A paired comparison between human skin and hairless guinea pig skin in vitro permeability and tag time measurements for 6 industrial chemicals

Exposure Assessment Branch, Health Effects Laboratory Division, National Institute for Occupational Safety and Health, Morgantown, West Virginia 26508, USA.

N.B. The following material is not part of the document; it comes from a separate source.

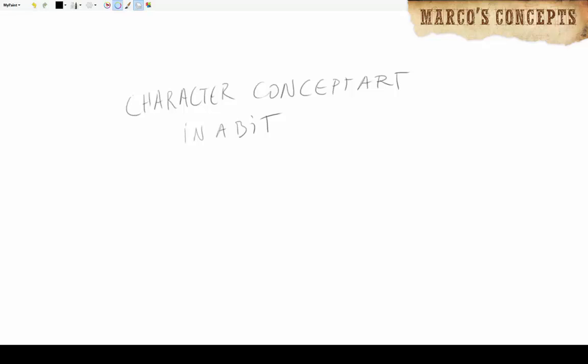Hello again. This is another video about character concept art, basically concept design for an animation that I'm going to use.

Cutaneous and Ocular Toxicology (Impact Factor: 1.12). 05/2009; 28(3):107-13. DOI: 10.1080/15569520902950474
Source: PubMed


The purpose of the present study was to measure and compare permeability coefficients (k(p)) and lag times (tau) in human skin and hairless guinea pig (HGP) skin. Paired experiments employed heat-separated epidermal membranes from human and HGP sources mounted on static in vitro diffusion cells. Infinite-dose, saturated aqueous solutions of 6 industrial chemicals were used as donors: aniline, benzene, 1,2- dichloroethane, diethyl phthalate, naphthalene, and tetrachloroethylene. No significant differences were found between human and HGP skin for either k(p) or tau for any of these chemicals (p >or= .24). HGP vs. human k(p) measurements, and HGP vs. human tau measurements, were highly correlated. For k(p), the slope of the linear correlation was close to unity (1.080 +/- 0.182) and the intercept close to 0 (0.015 +/- 0. 029 cm/h), with a correlation coefficient (r(2)) = 0.898. For tau, the slope was also close to unity (0.818 +/- 0.030) and the intercept close to 0 (-0.014 +/- 0.023 h), with r(2) = 0.994. These results suggest that HGP skin may serve as an excellent surrogate for human skin in in vitro dermal penetration studies.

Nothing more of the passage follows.